**About this exercise:** Repeat, exactly as written, all of the entries, but not their pictures.
Dataset excerpts below:
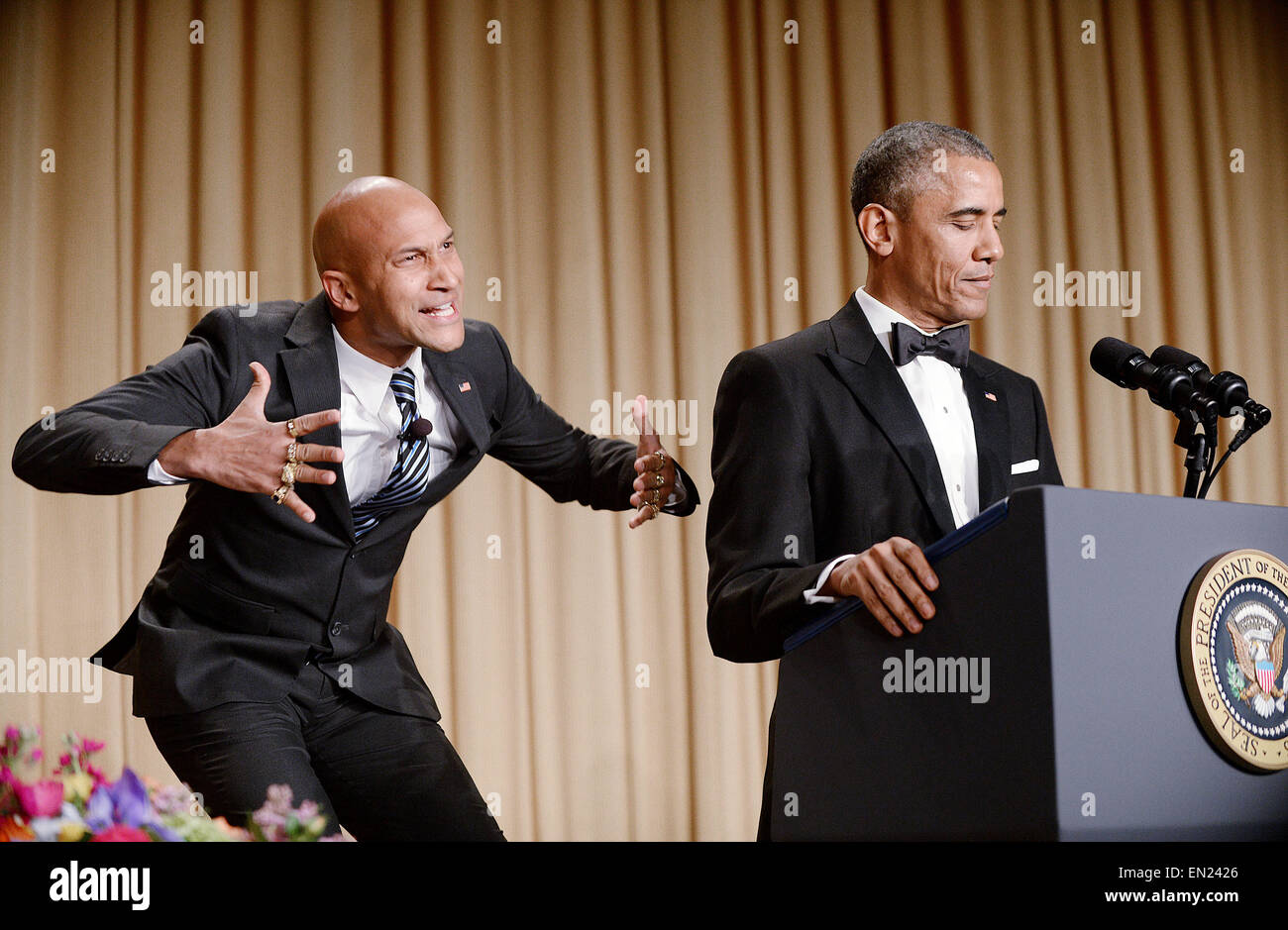 US-Präsident Barack Obama, Recht, nutzt Keegan-Michael Schlüssel vom Key & Peele, die Teil der "Luther, Präsident Obama Zorn Übersetzer" während der jährlichen White House Correspondent Association Gala am Washington Hilton Hotel April 25, 2015 in Washington, DC das Abendessen spielen eine jährliche Veranstaltung mit Journalisten, Politiker und Prominente ist Schauspieler. Bildnachweis: Olivier Douliery/Pool über CNP - kein Draht-Dienst- Stockfoto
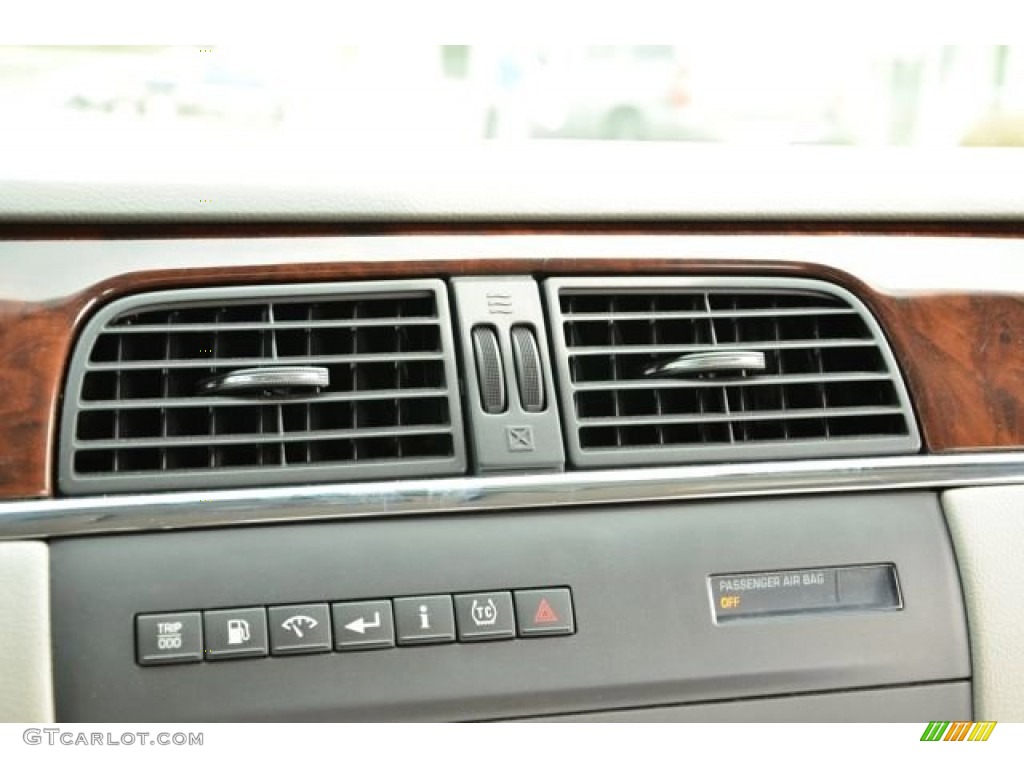 2009 Buick LaCrosse CXL Controls Photo #79681964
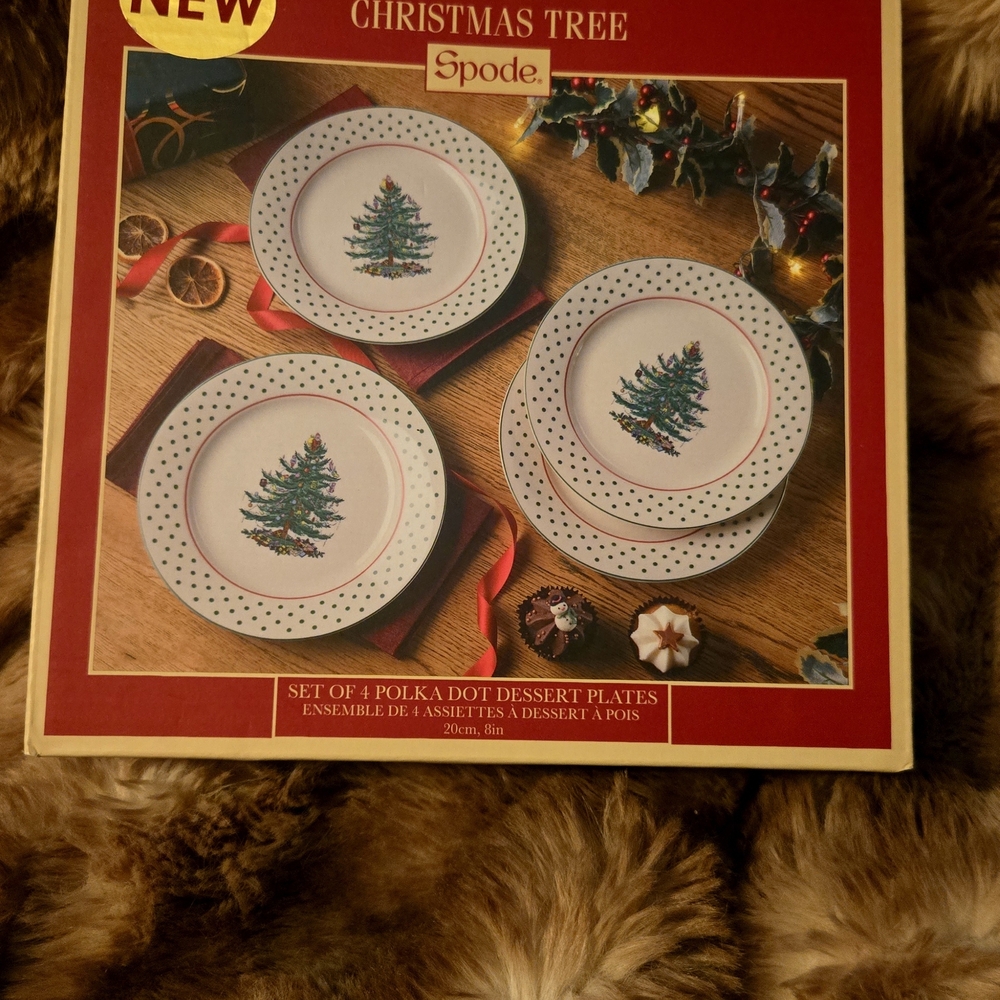 Spode Festive Tree Polka Dot Plates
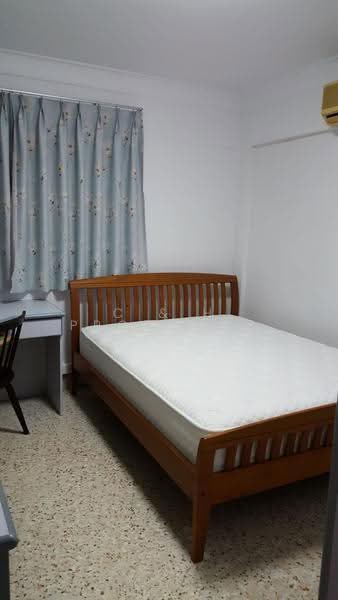 602 Ang Mo Kio Avenue 5, 602 Ang Mo Kio Avenue 5, Ang Mo Kio / Bishan / Thomson, Room Rental, 150 sqft, HDB Flat For Rent, by JOANNE, 500272211 - Bedroom - PropertyGuru.com.sg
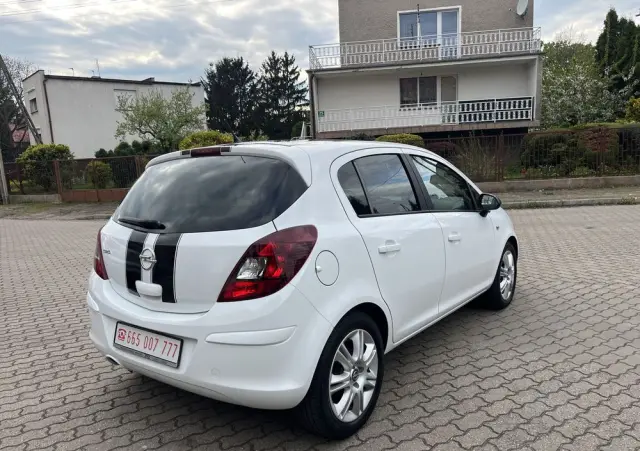 OPEL Corsa 1.2 16V Edition 150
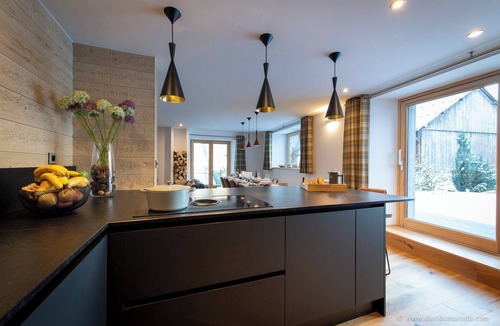 Sixt-Fer-a-Cheval House | Stunning 4 bed 4 bath chalet with hot tub on Grand Massif ski area.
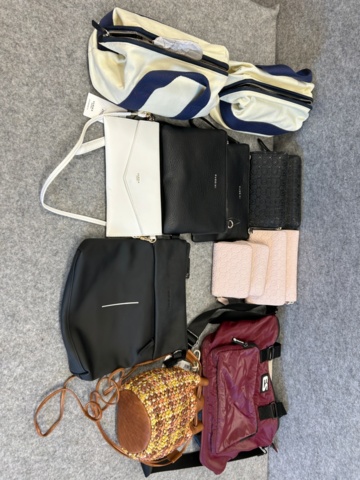 1368199-19 Lot of bags and accessories - Epic, Puccini, The Chesterfield Brand, etc.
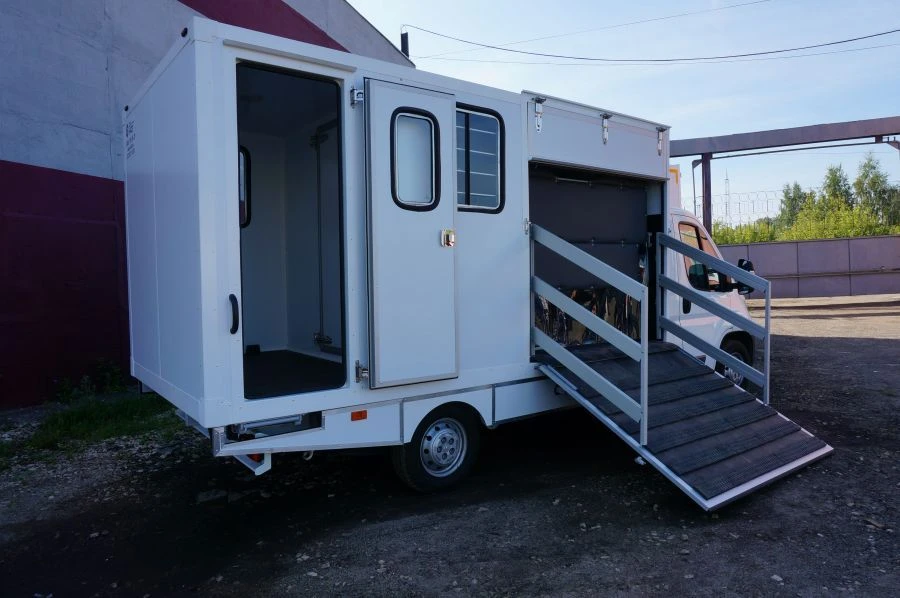 شاحنة ديزل 47120 تعديل 47120J لنقل الحيوانات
End of Dataset excerpts.
**Result:**
 US-Präsident Barack Obama, Recht, nutzt Keegan-Michael Schlüssel vom Key & Peele, die Teil der "Luther, Präsident Obama Zorn Übersetzer" während der jährlichen White House Correspondent Association Gala am Washington Hilton Hotel April 25, 2015 in Washington, DC das Abendessen spielen eine jährliche Veranstaltung mit Journalisten, Politiker und Prominente ist Schauspieler. Bildnachweis: Olivier Douliery/Pool über CNP - kein Draht-Dienst- Stockfoto
 2009 Buick LaCrosse CXL Controls Photo #79681964
 Spode Festive Tree Polka Dot Plates
 602 Ang Mo Kio Avenue 5, 602 Ang Mo Kio Avenue 5, Ang Mo Kio / Bishan / Thomson, Room Rental, 150 sqft, HDB Flat For Rent, by JOANNE, 500272211 - Bedroom - PropertyGuru.com.sg
 OPEL Corsa 1.2 16V Edition 150
 Sixt-Fer-a-Cheval House | Stunning 4 bed 4 bath chalet with hot tub on Grand Massif ski area.
 1368199-19 Lot of bags and accessories - Epic, Puccini, The Chesterfield Brand, etc.
 شاحنة ديزل 47120 تعديل 47120J لنقل الحيوانات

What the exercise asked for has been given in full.